EVERY MONTH SHOULD BE A MEMBERSHIP MONTH FOR ROTARY

THE METAMORPHOSIS
By
ERNIE D. DELFIN
Member, Newport Irvine Rotary Club


EVERY MONTH SHOULD BE A MEMBERSHIP DRIVE MONTH


“Ask not what your country can do for you, ask what you can do for your country!”

---- Pres. John Fitzgerald Kennedy

I was in my youth just starting high school, after 6 years of elementary education, in the Philippines when President Kennedy was assassinated and although were 10,000 miles away we were also shocked and saddened by his untimely demise that fateful November 21, 1963. I remember that we were glued to the transistor radio (we did not have a TV at home yet) and a lot of us shed tears as he was also our idol.
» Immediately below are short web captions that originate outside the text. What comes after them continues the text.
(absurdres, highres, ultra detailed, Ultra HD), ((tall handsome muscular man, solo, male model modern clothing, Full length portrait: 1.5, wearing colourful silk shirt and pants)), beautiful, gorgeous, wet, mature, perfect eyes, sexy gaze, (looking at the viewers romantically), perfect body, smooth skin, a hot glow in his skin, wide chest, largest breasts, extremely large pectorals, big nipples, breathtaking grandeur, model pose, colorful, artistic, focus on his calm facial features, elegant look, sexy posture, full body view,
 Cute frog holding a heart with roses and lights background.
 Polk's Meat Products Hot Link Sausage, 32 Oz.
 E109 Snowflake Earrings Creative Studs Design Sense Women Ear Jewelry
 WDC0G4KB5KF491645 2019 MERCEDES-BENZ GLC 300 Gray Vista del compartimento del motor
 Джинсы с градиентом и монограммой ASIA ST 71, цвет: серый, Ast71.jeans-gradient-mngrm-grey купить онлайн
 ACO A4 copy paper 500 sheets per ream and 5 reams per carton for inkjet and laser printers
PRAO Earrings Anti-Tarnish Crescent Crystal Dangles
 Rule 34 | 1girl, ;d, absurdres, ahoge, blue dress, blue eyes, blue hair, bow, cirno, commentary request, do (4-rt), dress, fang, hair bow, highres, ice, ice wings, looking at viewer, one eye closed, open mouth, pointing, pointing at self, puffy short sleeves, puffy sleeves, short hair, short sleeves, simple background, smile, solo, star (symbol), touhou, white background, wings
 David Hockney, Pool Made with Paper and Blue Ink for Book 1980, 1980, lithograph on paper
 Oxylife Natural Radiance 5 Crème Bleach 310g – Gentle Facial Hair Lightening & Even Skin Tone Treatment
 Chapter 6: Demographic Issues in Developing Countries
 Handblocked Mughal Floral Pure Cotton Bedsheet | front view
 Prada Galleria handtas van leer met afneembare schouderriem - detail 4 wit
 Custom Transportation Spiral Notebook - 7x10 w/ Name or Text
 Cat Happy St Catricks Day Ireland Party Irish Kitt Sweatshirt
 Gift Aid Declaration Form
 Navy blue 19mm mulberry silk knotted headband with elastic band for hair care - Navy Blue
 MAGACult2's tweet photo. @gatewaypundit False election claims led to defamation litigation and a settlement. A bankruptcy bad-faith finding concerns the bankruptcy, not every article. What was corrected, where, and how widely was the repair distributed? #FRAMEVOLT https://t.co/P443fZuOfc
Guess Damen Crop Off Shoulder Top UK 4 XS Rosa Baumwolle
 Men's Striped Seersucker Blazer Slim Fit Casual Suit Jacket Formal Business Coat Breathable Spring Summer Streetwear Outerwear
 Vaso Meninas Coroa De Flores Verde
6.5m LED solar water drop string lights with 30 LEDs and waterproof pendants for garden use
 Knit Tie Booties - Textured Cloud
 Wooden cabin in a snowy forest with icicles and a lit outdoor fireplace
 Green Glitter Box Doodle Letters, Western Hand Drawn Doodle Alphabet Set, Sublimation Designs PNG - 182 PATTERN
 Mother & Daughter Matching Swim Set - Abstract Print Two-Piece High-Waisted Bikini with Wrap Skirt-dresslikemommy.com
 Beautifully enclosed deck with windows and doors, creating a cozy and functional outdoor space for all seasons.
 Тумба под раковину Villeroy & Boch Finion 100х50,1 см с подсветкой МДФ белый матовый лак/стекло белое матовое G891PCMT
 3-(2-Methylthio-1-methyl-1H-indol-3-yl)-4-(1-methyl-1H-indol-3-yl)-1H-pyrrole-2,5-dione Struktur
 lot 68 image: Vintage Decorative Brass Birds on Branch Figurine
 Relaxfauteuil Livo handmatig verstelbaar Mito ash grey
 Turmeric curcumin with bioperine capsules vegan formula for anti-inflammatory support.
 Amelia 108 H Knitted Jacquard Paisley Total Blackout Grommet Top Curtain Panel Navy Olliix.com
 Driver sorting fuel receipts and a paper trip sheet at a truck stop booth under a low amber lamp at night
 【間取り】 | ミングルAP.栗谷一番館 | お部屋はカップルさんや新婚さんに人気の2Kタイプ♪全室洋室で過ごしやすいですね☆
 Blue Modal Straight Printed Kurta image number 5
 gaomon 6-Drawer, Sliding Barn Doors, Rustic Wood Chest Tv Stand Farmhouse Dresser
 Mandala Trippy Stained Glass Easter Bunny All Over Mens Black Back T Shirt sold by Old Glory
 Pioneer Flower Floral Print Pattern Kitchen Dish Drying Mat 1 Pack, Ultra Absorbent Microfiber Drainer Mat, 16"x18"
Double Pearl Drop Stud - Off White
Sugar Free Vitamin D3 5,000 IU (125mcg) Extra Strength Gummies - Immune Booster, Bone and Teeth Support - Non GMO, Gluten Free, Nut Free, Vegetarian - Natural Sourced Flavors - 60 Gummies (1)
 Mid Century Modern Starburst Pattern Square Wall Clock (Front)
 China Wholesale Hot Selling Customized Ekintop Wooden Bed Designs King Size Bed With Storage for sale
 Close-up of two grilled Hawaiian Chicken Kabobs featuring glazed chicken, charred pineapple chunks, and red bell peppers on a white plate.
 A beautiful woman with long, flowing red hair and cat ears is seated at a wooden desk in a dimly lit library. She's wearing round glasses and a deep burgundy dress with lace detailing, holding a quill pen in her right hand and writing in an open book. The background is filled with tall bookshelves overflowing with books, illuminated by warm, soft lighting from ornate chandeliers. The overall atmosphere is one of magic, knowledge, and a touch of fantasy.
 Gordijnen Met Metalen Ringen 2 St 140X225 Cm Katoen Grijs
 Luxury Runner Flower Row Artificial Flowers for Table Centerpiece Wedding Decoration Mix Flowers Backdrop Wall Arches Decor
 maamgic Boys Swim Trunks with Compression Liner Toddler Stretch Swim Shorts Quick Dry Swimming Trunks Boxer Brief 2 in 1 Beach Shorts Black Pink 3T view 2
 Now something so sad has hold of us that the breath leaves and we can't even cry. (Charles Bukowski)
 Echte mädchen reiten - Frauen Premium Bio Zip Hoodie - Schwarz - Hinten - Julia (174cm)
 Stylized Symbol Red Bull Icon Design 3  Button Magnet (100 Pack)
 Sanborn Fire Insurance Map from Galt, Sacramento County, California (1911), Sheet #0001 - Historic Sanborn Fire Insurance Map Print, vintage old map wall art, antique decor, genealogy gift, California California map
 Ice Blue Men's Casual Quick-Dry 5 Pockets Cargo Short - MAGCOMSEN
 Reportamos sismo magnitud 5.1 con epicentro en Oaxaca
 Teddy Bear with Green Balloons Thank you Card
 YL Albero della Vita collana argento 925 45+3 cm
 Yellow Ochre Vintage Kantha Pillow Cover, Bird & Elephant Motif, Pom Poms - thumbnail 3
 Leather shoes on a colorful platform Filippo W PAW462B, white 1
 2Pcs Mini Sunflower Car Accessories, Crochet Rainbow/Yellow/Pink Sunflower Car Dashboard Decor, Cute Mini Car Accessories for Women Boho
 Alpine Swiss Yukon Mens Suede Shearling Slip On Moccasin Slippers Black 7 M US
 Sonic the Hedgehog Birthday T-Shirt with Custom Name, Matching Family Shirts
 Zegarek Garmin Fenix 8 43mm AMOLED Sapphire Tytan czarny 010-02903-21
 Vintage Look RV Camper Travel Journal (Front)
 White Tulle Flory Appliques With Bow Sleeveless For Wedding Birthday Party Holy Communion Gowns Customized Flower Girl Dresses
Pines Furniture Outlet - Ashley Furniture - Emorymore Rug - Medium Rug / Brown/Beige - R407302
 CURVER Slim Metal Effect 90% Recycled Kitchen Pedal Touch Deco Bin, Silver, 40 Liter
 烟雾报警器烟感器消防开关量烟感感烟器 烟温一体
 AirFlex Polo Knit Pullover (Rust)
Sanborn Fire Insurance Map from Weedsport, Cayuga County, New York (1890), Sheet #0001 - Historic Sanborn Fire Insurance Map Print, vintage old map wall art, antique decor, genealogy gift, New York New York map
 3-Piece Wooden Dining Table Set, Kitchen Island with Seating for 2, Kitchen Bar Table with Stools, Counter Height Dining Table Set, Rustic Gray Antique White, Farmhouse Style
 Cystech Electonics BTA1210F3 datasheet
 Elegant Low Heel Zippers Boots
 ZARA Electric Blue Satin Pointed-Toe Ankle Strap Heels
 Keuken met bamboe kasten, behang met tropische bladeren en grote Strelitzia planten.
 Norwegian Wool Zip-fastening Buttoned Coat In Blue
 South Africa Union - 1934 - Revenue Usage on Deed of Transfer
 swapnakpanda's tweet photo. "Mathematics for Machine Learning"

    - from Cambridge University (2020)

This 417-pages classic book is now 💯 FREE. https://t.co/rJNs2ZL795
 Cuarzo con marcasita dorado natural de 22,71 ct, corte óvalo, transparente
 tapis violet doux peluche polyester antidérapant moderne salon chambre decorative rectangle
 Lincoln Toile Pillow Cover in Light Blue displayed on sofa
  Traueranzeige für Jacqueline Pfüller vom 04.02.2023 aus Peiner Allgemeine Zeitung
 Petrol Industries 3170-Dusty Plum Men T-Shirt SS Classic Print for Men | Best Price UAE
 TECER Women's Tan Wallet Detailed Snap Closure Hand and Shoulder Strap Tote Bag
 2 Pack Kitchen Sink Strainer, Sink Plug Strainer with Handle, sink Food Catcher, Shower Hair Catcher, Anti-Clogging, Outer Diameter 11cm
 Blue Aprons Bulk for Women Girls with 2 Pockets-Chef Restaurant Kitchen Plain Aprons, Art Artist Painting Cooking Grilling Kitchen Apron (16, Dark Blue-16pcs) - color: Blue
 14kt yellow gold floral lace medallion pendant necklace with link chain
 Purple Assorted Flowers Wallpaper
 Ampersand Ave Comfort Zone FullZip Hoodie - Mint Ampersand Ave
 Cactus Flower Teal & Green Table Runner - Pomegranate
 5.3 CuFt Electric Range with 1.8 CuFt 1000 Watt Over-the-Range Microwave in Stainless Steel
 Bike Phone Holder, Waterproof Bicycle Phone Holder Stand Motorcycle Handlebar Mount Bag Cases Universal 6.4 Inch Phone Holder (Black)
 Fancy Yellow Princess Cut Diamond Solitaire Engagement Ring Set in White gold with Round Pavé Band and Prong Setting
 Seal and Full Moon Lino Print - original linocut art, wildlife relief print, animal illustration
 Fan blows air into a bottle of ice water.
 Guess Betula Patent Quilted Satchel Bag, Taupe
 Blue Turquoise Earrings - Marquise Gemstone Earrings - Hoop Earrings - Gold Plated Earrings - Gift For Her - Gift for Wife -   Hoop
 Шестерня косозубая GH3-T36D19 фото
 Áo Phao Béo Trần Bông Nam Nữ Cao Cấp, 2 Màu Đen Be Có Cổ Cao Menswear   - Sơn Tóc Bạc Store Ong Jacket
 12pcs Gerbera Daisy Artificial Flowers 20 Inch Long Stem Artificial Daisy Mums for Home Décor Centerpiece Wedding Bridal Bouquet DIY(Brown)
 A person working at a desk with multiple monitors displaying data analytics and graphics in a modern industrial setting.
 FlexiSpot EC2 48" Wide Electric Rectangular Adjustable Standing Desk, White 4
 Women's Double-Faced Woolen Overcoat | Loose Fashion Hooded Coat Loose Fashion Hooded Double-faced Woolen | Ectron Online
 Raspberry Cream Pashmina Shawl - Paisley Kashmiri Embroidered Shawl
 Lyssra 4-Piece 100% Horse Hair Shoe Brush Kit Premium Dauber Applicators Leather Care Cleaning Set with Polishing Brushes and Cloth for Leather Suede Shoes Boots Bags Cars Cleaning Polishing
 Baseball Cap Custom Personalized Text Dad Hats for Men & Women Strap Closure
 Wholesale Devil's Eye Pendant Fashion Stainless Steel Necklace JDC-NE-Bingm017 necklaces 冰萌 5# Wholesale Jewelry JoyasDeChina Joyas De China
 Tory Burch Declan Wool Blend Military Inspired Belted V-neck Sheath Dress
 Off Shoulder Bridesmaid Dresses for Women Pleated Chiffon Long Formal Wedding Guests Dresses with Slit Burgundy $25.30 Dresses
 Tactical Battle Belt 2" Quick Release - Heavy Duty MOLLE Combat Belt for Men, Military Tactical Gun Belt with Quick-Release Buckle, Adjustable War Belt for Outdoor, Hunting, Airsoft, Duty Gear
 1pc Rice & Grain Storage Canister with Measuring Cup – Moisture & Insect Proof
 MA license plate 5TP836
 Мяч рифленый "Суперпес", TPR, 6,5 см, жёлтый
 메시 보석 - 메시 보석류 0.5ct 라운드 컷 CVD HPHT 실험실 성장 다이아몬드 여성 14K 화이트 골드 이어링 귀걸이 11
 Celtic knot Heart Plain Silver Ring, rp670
Now 43 years later, I am still inspired by his inaugural speech, his vision like his dream of sending a man on the moon, and his idealism and his dream of a better America and a more peace world.

In Rotary International, we also dream lofty dreams to have a better and more peaceful world. Yes, true Rotarians do not ask what their club can do for them, but they ask what they can do for their Club. The 100 year history of Rotary International is replete with stories of selfless individuals who contributed their thinking, time, talents and treasures (4 T’s in philanthropy) and we Rotarians should emulate those many “silent heroes” in the Rotary World.

It still amazes me that to this day, however, that many professionals and business people in our local communities still do not know what Rotary is all about. For example a prominent business leader in our Orange County Presidents Council (a coalition of 25 minority chambers of Commerce and NGOs) publicly joked during a press conference that he thought before I invited him to join the Westminster Global City Rotary Club that Rotary is just a “group of old white people” who go to lunch together and get fined for singing out of tune! Yes, our “reputation” is still not that good in many communities! Perceptions in the mind is reality, hence I personally cannot fault him, but Rotarians around him.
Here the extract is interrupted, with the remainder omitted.